The past four years have brought innovation beyond anything we could have ever imagined, and nowhere have we seen this change more than in our cars. The development of intelligent vehicle technologies is bringing wireless connectivity and the Internet on the go into the mainstream and merging the tech and auto industries. As these two forces converge, our vehicles aren’t just taking us where we want to go, but they tell us how to get there, what we will see when we get there and where to stop along the way. Heck, some cars even drive us.
This isn’t happening through magic. This is the product of innovative technological advancements in wireless, applications, hardware, and software created by brilliant developers and entrepreneurs. America’s two best inventions – the car and the internet, free and open, are exponentially making our lives better in so many ways – and it is hard to even imagine what the connected car of 2020 will enable.
So let’s not mess with that, right? There are those out there who have been advocating that we should regulate the internet with rules written in the 1930s that would treat the Internet like the old copper phone system. The Internet covers much more than just an email address – it brings us telematics, and maps, and videos, and education applications, and so much more in our lives, and our cars. And it is all changing so fast.
Lots of smart people have written lots of smart things about what these regulations would mean for the internet.
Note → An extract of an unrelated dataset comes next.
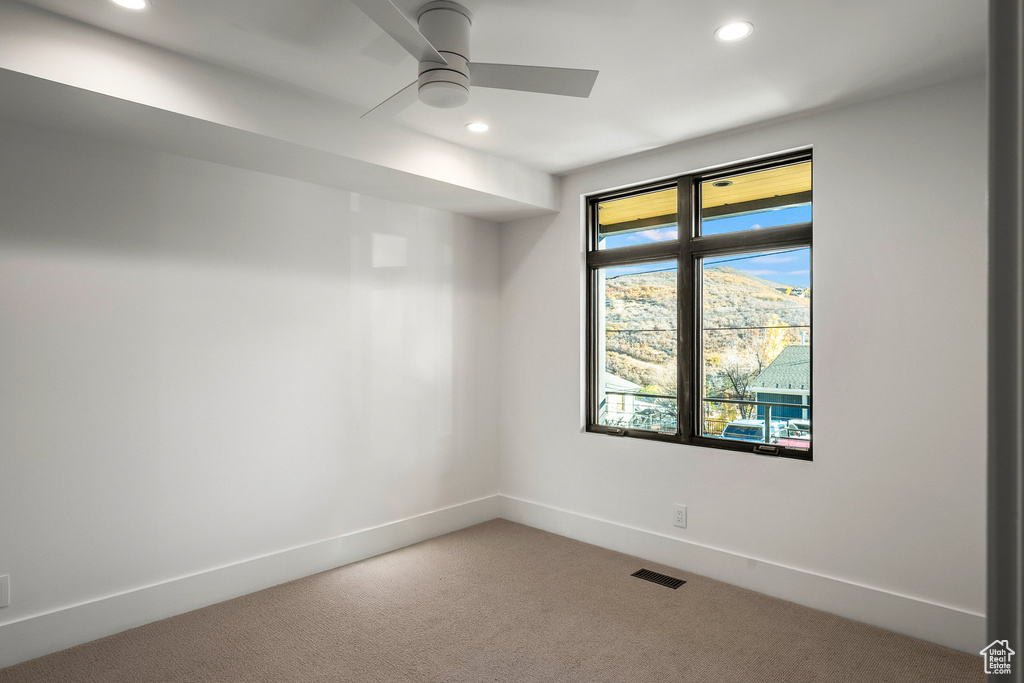 Photo 15 for MLS #2055752 at 455 Woodside Ave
After all, the internet is what it is because it has been allowed to grow, disrupt, fail, and succeed all without onerous regulations “helping”. That’s good. We like that. We’ve all benefited – big time – because of it.
So why should we suddenly throw government in the middle of that? What would it mean for the Connected Car to rely on networks that our regulated by laws written in the 1930s? How does this framework impact telematics or our infotainment services? Will we need regulatory clearance from the FCC before rolling out a new product or service? How long would that even take?
Goodness knows we don’t have the answers to these questions. We urge Congress and the FCC to use caution and not rush into something that – despite all good intentions – unintentionally detours us from our route.